AI tools may help you draft and check a report, but they cannot be the analyst — every number and every bounded claim is yours to verify. Treat AI output as a draft to audit, not an answer to trust, and disclose its use. The course discipline is unchanged: you own the assumption-ladder reasoning.

Tool	Purpose	Verification
LLM chat assistant	Draft the prose of the Conclusion and tighten the Question sentence	Re-read against the actual results; confirm the claim is bounded (no overgeneralizing) and matches the method language — rewrite any sentence the data do not support
AI coding assistant	Scaffold the `.qmd` report template and the permutation / bootstrap loop idioms	Run it yourself with `set.seed(45203)`; confirm it shuffles/resamples the right thing and reproduces the locked numbers; never paste code you cannot read
Grammar / style checker	Polish wording and wrapping in the report prose	Confirm it changed no number, statistic, or hedge; an edit that drops a limit or a “for data like these” is a content change, not a style fix
Plot / figure helper	Suggest a data-shape plot for the Data and shape section	Check the plot shows the real shape (skew, the outliers) and is not smoothed into looking clean; the plot must justify the methods you chose

Reading and source pointer

This week is grounded in the instructor notes (the primary course materials) on assembling and communicating an applied analysis, with ModernDive (Ismay, Kim & Valdivia) on reproducible reports and communicating results for the report workflow — the reproducible Quarto posture and the discipline of letting the data shape drive the method choice and the write-up.
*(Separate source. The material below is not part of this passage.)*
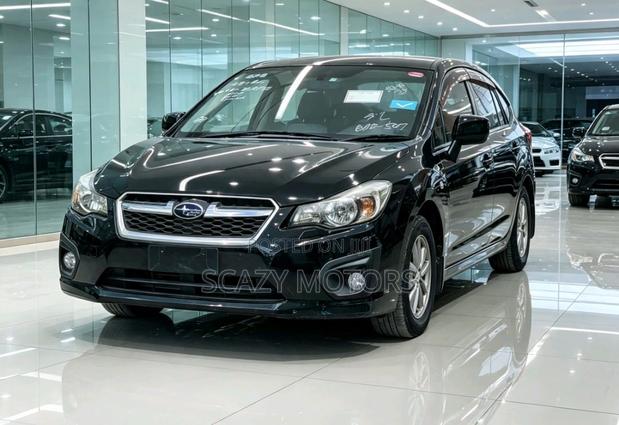Subaru Impreza 2014 Black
These notes are the course’s own synthesis, grounded in but not copied from the sources. No prose, examples, exercises, figures, or solutions are reproduced from any source.
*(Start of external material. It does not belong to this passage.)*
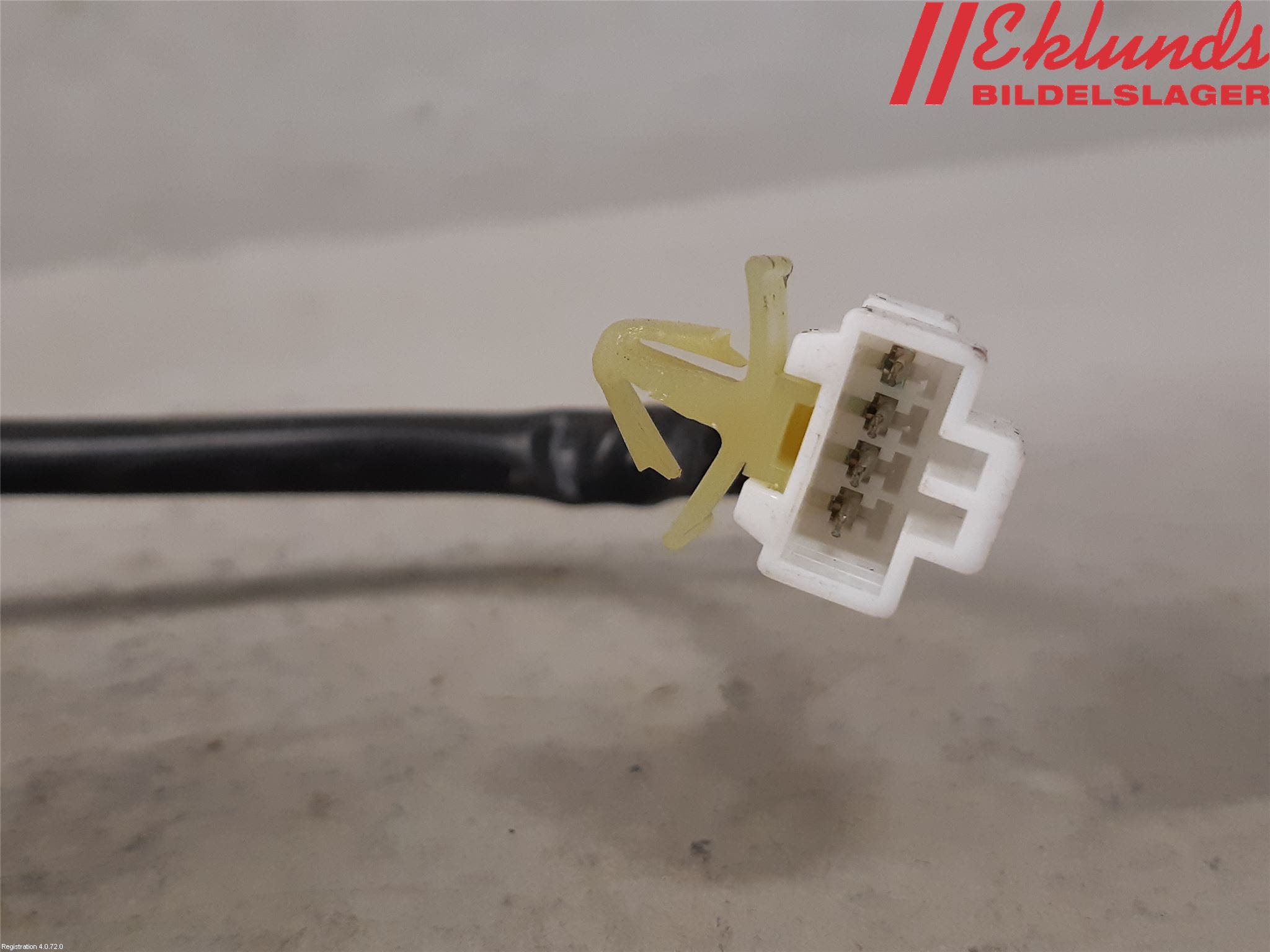 Kia RIO 12-16 Låskista Baklucka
Evidence and verification status

verified: false. The report workflow and the assumption-ladder reasoning on this page are course-authored, but every numeric value here is drafted, synthetic, and not independently checked — the Dataset W difference in medians \(-6\) minutes, the permutation \(p \approx 0.02\), the rank-sum \(p \approx 0.01\) and probability of superiority \(\approx 0.72\), the bootstrap percentile CI \(\approx (-10, -2)\) minutes, and the Dataset D OLS slope \(\approx 0.6\) versus robust slope \(\approx 1.45\) (and clean slope \(\approx 1.5\)). All data are synthetic with set.seed(45203). These worked numbers are provisional and not independently verified — treat them as targets to reproduce, not as confirmed reference values.

Public vs. graded

These notes, the examples, and the practice here are public and ungraded — study material only. No graded prompts, answer keys, rubrics, point values, or due dates appear on this site. Graded method checkpoints, weekly quizzes, homework and method reports, resampling and robustness labs, the midterm, the applied robust-methods project, and the final exam live in Blackboard (the LMS), which is authoritative for due dates, submissions, and grades. If this page and Blackboard ever disagree, follow Blackboard.

Portfolio connection

The report file you build this week is the prototype for your applied robust-methods project, and it belongs in your portfolio as evidence that you can take a method comparison all the way to a clear, honestly-bounded write-up. Keep your two workshop reports — the Dataset W skew report and the Dataset D contamination report — plus the one on a dataset you chose, as portfolio artifacts. Each one should show the same six-stage backbone (question → data shape → two methods → comparison → sensitivity → bounded conclusion), so the portfolio demonstrates not a single result but a repeatable, defensible workflow. When you assemble the portfolio, the reproducible .qmd (with its set.seed(45203)) and the AI Use Note travel with the report — they are part of the evidence that the work is yours, reproducible, and bounded by what the data support.